Thoughts ?, Hints ? ???
-
Thanks for doing the comprehensive tests. Let me run it by a couple of FreeBSD developers and get their input.
-
Thanks for doing the comprehensive tests. Let me run it by a couple of FreeBSD developers and get their input.
Thanks. :) You're right. It looks like it could also affect FreeBSD generally…?! ??? ...so it must certainly already have been discussed and solved. ;)
-
Solved, I doubt. What I bet money that people are going to say is that the box is under powered for the task.
-
Solved, I doubt. What I bet money that people are going to say is that the box is under powered for the task.
As you already understood ;) : I'm not looking at the throughput performance, but to get a non-hanging system in overload conditions.

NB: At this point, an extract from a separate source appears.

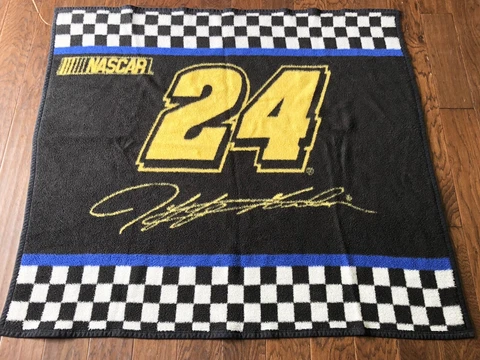 Vintage Jeff Gordon #24 NASCAR Furry Throw Blanket Biederlack Of America 54”x49” Cover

They can try a 50 Mbits/s (*) 64-bytes packets load on any up-to-date multi-GHz machine and see if it stays alive ;D
Maybe then they will understand that it's not a question of horsepower, but of security design. A DDoS attack can be full line throughput of 64 bytes packets… A firewall should be able to handle that without freezing, whatever the line and size.
(*) If my math is right:
- 3000 kbytes/s of 1500 bytes packets is about 2000 packets/s handled on a 266 MHz machine.
- Means 20'000 PPS on a 2.6 GHz machine, let's say 40'000 to take in account caching and other stuff. * 64 bytes, that's only 20 Mbits/s 64-bytes-packets throughput limit before freezing the system.
[EDIT: Corrected my math, but conclusions remain same]
-
Okay, please don't take this the wrong way but you are speaking to the chorus already. I am just telling you that I know the FreeBSD community well and know how they will react to this. The box is clearly underpowered.
-
No offense, but a 266 mHz box with cheap cheasy realtek adapters being expected to handle a 64 byte packet storm at 30 mB/s is rediculous. The system is meant for 5 mBit and less WAN use. When in doubt, overbuild, don't underbuild your firewalls. You don't have the luxury of super optimized TCP offloading and handling by the NIC's unless you're using nice Intel Server grade PCI-X gigabit adapters (which I do when I can). The real issue of PPS is the fact that you are memory / copy throttled. You can only make a dozen or so memory copies so fast per packet before you run out of internal machine bandwidth. It's not so much GHz as much as memory latency, bus latency, and overhead on the packet processing. If you have specialized packet processors that do nothing but offload TCP headers and minimize copy processes you have something more in line with a Cisco / Juniper networks box.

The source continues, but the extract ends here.